The US Treasury temporarily guaranteed all money market fund balances to prevent a broader run. The SEC subsequently tightened MMF rules: stricter liquidity requirements (at least 10% daily, 30% weekly liquid assets), caps on longer-dated holdings, and "gates" and "fees" for institutional funds. As of 2026, retail MMFs remain structurally safer than in 2008, but the FDIC guarantee does not apply.

Common retail money market funds (reference)

VMRXX / VUSXX
Vanguard

Federal + Government. State tax advantage on Treasury portion.

FZDXX / SPAXX
Fidelity

FZDXX: Prime. SPAXX: Government. Check yield at fidelity.com.

SWVXX / SNVXX
Schwab

SWVXX: Prime. SNVXX: Government. See prospectus for holdings.

These are informational references only. Not a recommendation. Verify current yields at each brokerage.

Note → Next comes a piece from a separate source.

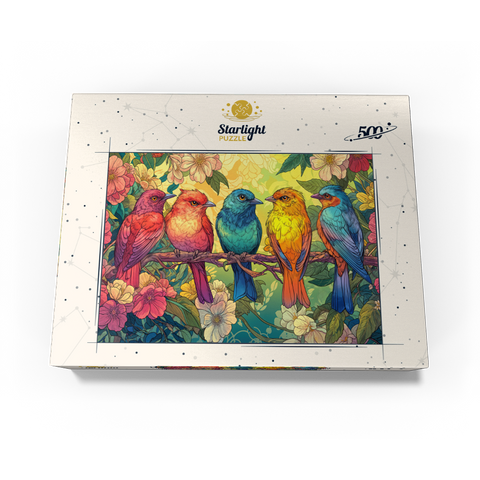 Colorful Songbirds on Floral Branches 500 Jigsaw Puzzle box view3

Frequently asked questions

Can a money market fund lose money?
Very rarely, but yes. Money market funds aim to maintain a stable $1.00 net asset value (NAV) per share. The Reserve Primary Fund 'broke the buck' in September 2008, dropping to $0.97, after holding Lehman Brothers commercial paper. This triggered the 2008 money market fund crisis. The Treasury temporarily guaranteed MMF values during the crisis. Since then, the SEC has tightened rules on MMF holdings (higher liquidity requirements, limits on risky holdings). As of 2026, 'breaking the buck' remains a non-zero risk, though extremely rare.
What is the difference between FDIC and SIPC?
FDIC (Federal Deposit Insurance Corporation) insures deposits at FDIC-member banks -- checking, savings, money market accounts, CDs -- up to $250,000 per depositor per institution per ownership category. SIPC (Securities Investor Protection Corporation) protects brokerage account holders against broker failure (not investment losses). SIPC covers up to $500,000 ($250,000 in cash) if a SIPC-member broker goes bankrupt. SIPC does NOT protect against investment losses in money market funds.
Is a money market fund at Fidelity, Vanguard, or Schwab FDIC insured?
No. VMRXX (Vanguard Cash Reserves Federal Money Market Fund), FZDXX (Fidelity Money Market Fund), and SWVXX (Schwab Value Advantage Money Market Fund) are investment funds, not FDIC-insured bank deposits. They are SIPC protected (against broker failure) but not against fund value loss. Government MMFs (VUSXX, VMFXX) hold US Treasury securities and are considered extremely low risk, but they are not backed by the FDIC guarantee.
Which money market fund has the highest yield right now?
In May 2026, government money market funds are yielding approximately 4.25-4.75% (7-day SEC yield), slightly above the top MMA rates at banks. VMRXX and VUSXX at Vanguard, SPAXX at Fidelity, and SNVXX at Schwab are among the largest and most commonly held. Government MMFs that hold primarily US Treasury securities also carry state income tax exemption on the Treasury portion of their income -- an advantage for high-tax-state savers.
When should I use a money market fund instead of a money market account?
Use a money market fund when: your cash is already in a brokerage account and you do not need bank-level check writing; when MMF yields are higher than MMA rates and the slightly higher risk is acceptable; or when you want state income tax exemption on Treasury-backed MMF interest. Use a money market account when: you need FDIC insurance certainty, want check-writing directly on the account, or the cash is for a near-term specific purpose (emergency fund, down payment).